[Start of section]

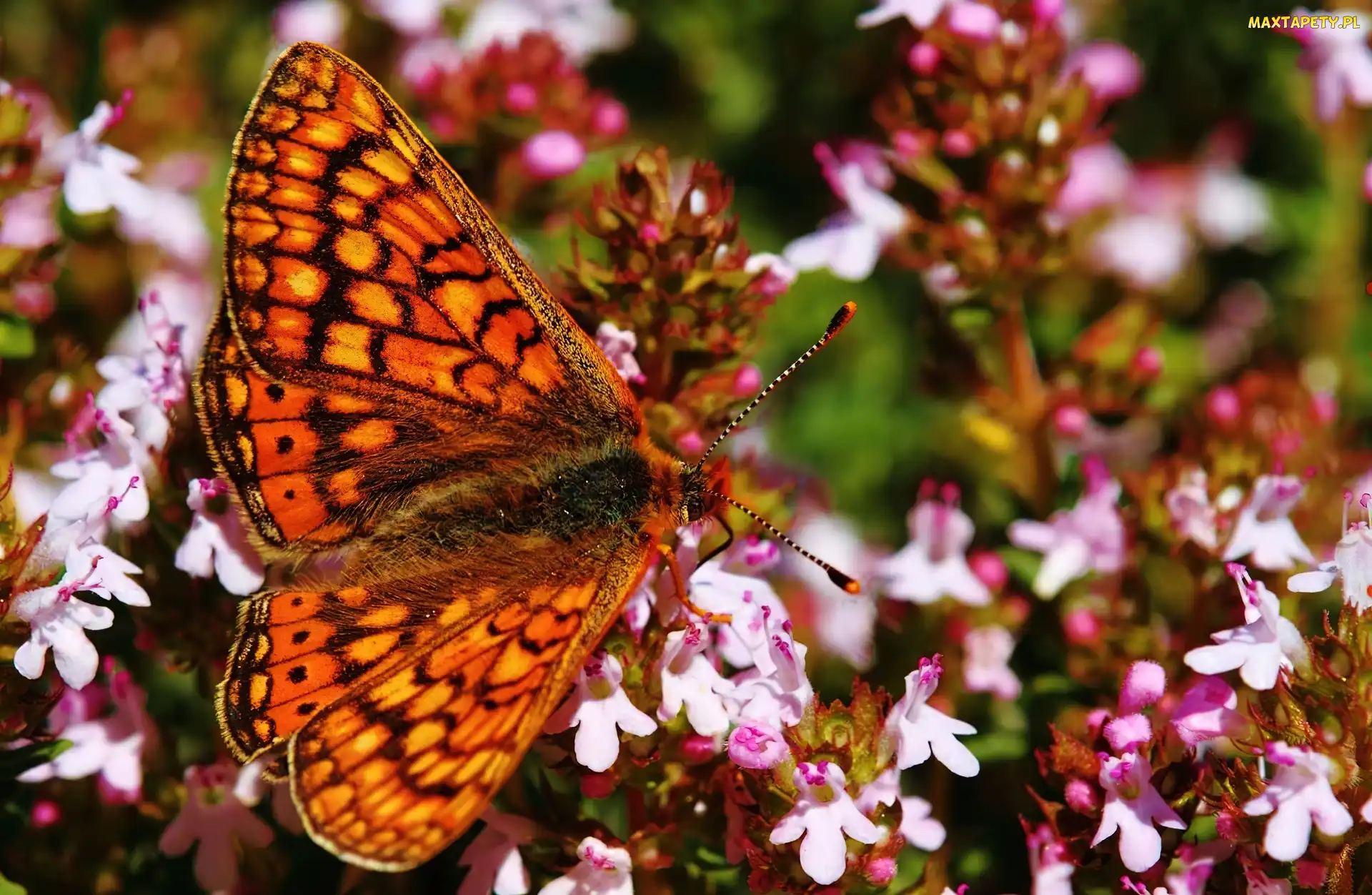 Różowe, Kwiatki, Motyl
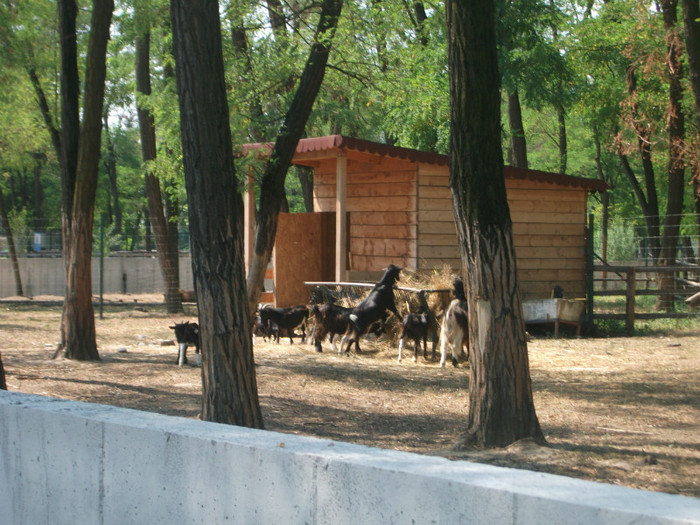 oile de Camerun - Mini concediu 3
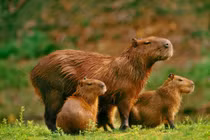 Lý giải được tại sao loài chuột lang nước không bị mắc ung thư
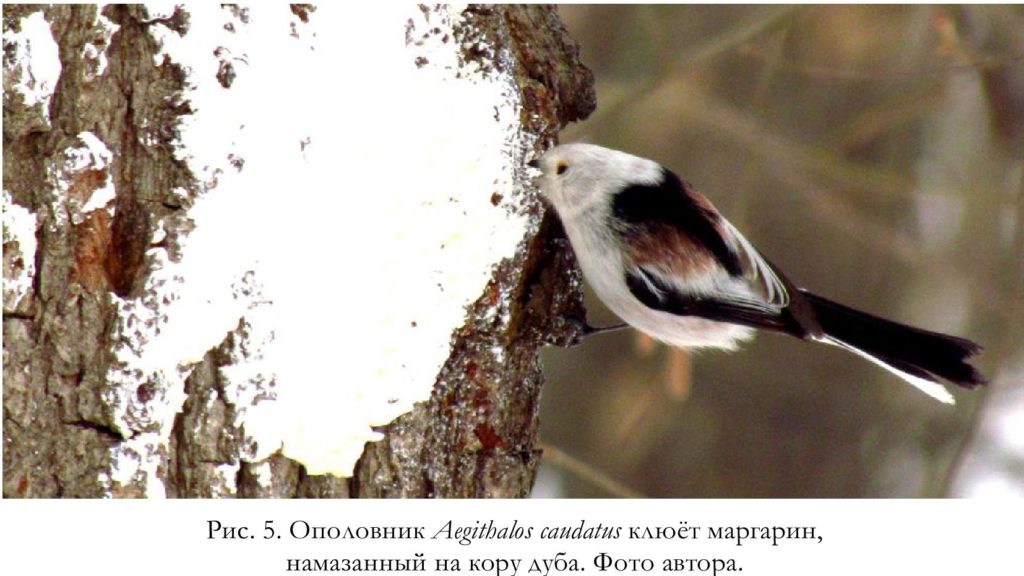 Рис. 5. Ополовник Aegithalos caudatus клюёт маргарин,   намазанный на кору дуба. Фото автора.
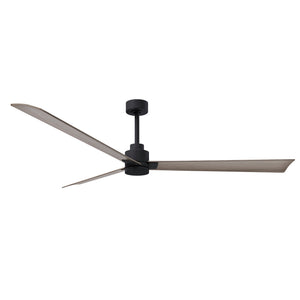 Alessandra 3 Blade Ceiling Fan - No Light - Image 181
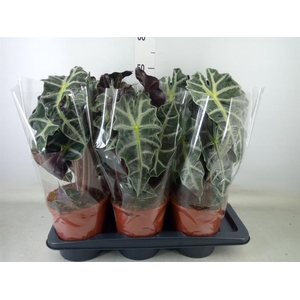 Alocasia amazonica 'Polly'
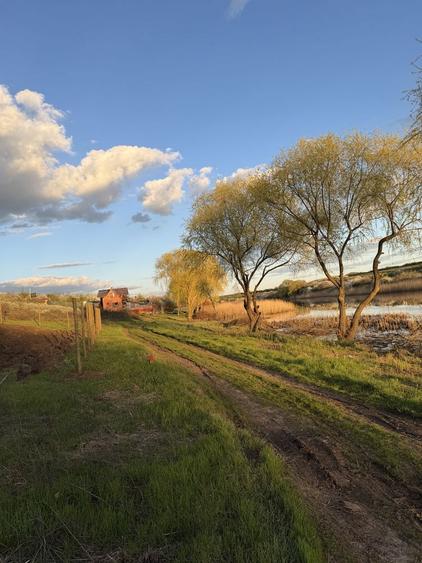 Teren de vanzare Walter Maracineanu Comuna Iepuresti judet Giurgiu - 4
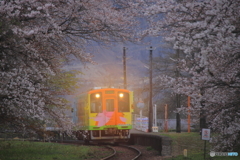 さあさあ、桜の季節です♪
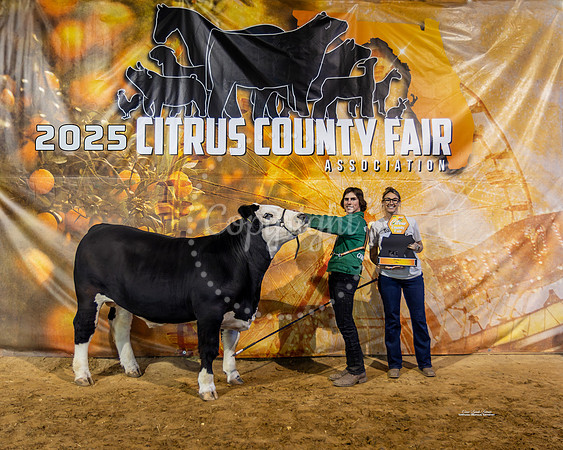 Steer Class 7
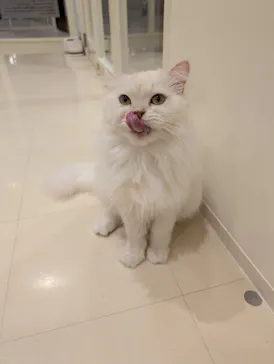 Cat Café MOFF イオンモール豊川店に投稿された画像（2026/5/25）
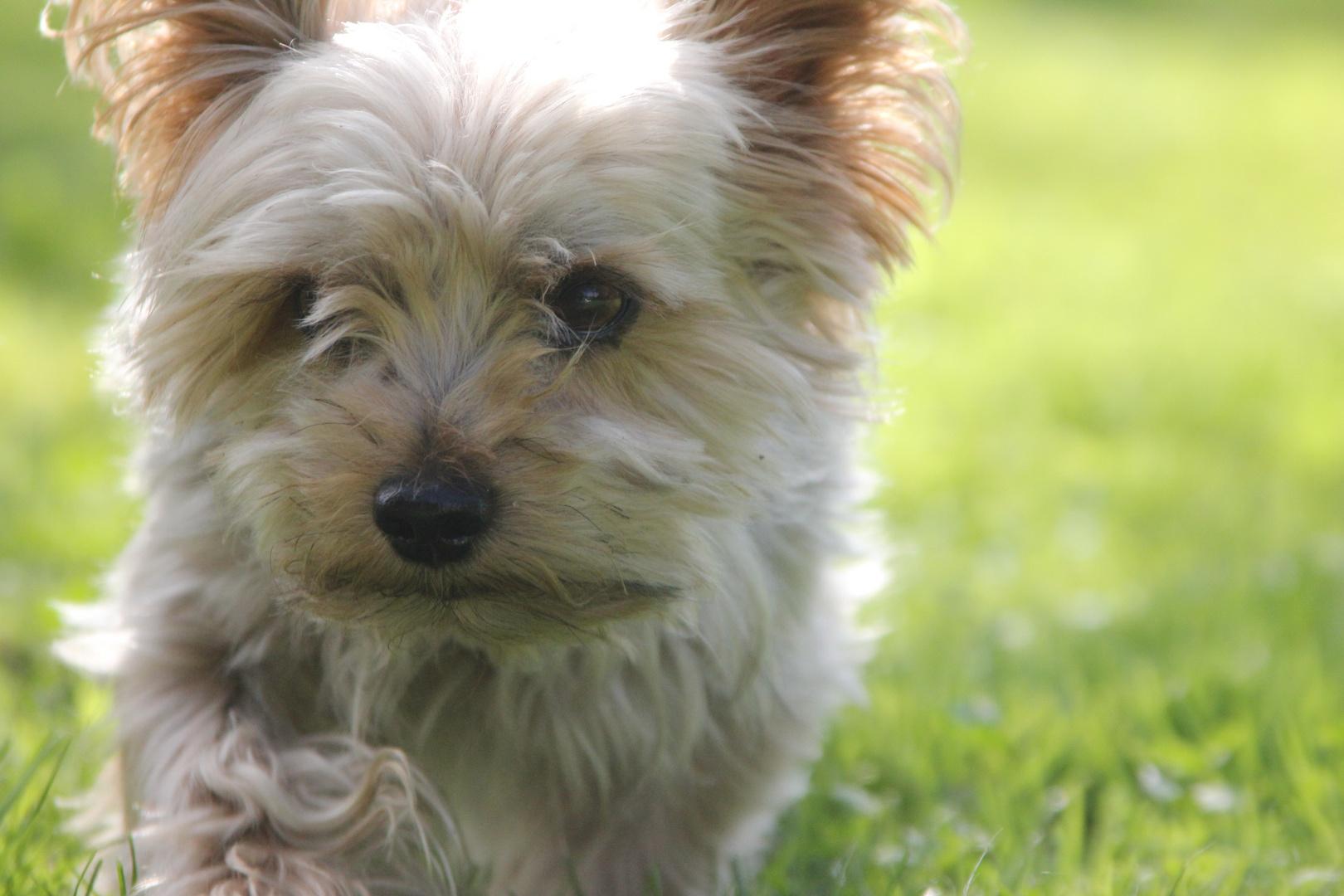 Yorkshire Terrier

[End of section]

* _WHAT YOU SHOULD DO_
Omit the pictures and print again exactly the lines from the one with "Steer Class 7" through the final line of the entries, both ends included.

* _ANSWER SPACE_
 Steer Class 7
 Cat Café MOFF イオンモール豊川店に投稿された画像（2026/5/25）
 Yorkshire Terrier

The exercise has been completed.